1. Always clean your kid’s workplace

You need all the help you can get when your inattentive kid is studying.

When your environment is cluttered, the chaos restricts your ability to focus. The clutter also limits your brain’s ability to process information. Clutter makes you distracted and unable to process information as well as you do in an uncluttered, organized, and serene environment.


For example, my son can get really distracted when my wife is teaching him how to write. So in order for us to keep his attention, we hide his toys.

This unsurprisingly increases his success rate when drawing different types of lines and shapes.

2. A healthy mind requires a healthy body

You need to encourage your child to engage in physical activity.

You can let them loose in the playground. But the best thing to do, if possible, is to create a schedule for your child to exercise.

Aerobic exercise stimulates brain growth and enhances our ability to learn. Studies also suggest that exercise helps kids focus attention in school.


Make it a daily habit.

3. Create mini goals and escalate to bigger goals

My kid’s doctor said that creating goals is very important to improve attention.


Studies show that goal-setting can help kids gain the sense of discipline and that internal drive it takes to stay motivated to complete the tasks they’ve set for themselves.


Once we have set a goal, we need to be disciplined enough ourselves to help our child finish the goal.

Quitting becomes a habit.

That’s why you need to keep encouraging the child to finish goals.

Keep encouraging but never push the child. They can detect that they are being pushed and may refuse to do the task.

Small goals include requests like: listening to you for 5 minutes, eating healthy food, sitting for 15 minutes, solving puzzles for 8 minutes, writing for an hour, and so on.

4. Find activities they love

For my wife and I, we discovered very early on that our child loves to paint.

I mean, Tim can focus for about an hour just painting different shapes and colors. It’s not a chore for him.

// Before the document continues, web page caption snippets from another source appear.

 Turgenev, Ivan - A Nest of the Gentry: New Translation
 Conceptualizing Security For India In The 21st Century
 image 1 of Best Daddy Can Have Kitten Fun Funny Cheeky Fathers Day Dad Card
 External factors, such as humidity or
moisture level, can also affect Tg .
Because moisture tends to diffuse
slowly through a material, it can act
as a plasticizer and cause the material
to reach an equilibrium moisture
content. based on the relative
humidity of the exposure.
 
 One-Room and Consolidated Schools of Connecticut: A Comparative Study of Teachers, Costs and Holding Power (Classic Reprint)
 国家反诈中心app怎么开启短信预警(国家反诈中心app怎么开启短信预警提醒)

Choose a job you love, and you will never have to work a day in your life. – Confucius

I guess the wise man is right after all, huh?

5. Read with your child

Tim’s doctor told us that we should read to him daily.

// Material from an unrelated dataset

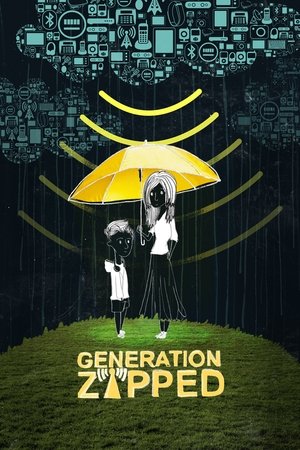 Watch Free Generation Zapped (2017)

I must admit that we have not been doing that lately because we are concentrating on teaching him how to write.

But we need to improve on that. Reading with your child is one of the best bonding experiences you can have with them.

For example, a study was made in Rhode Island Hospital to compare two groups of eight months old – one group was read to often as babies, while the other was not. It was shown that those who were read to have their “receptive” vocabularies (number of words they understand) increased 40 per cent since babyhood, while the non-reading group increased by only 16 per cent.


Not only that, reading stories to kids will help enrich their lives. From fables and fairy tales, you can develop your child’s sense of wonder and creativity.

Helping Your Child is Not Easy

Attention is just the start if your child is speech delayed with GDD.

It’s not a bad idea to start speech therapy along with other treatments.

That said, our doctor advised us to improve Tim’s attention so that he will have a better chance learning during speech therapy.

We are happy to announce that we have found a speech therapy school near our area. We are hoping to enroll Tim ASAP. They just need to fit him in their schedule.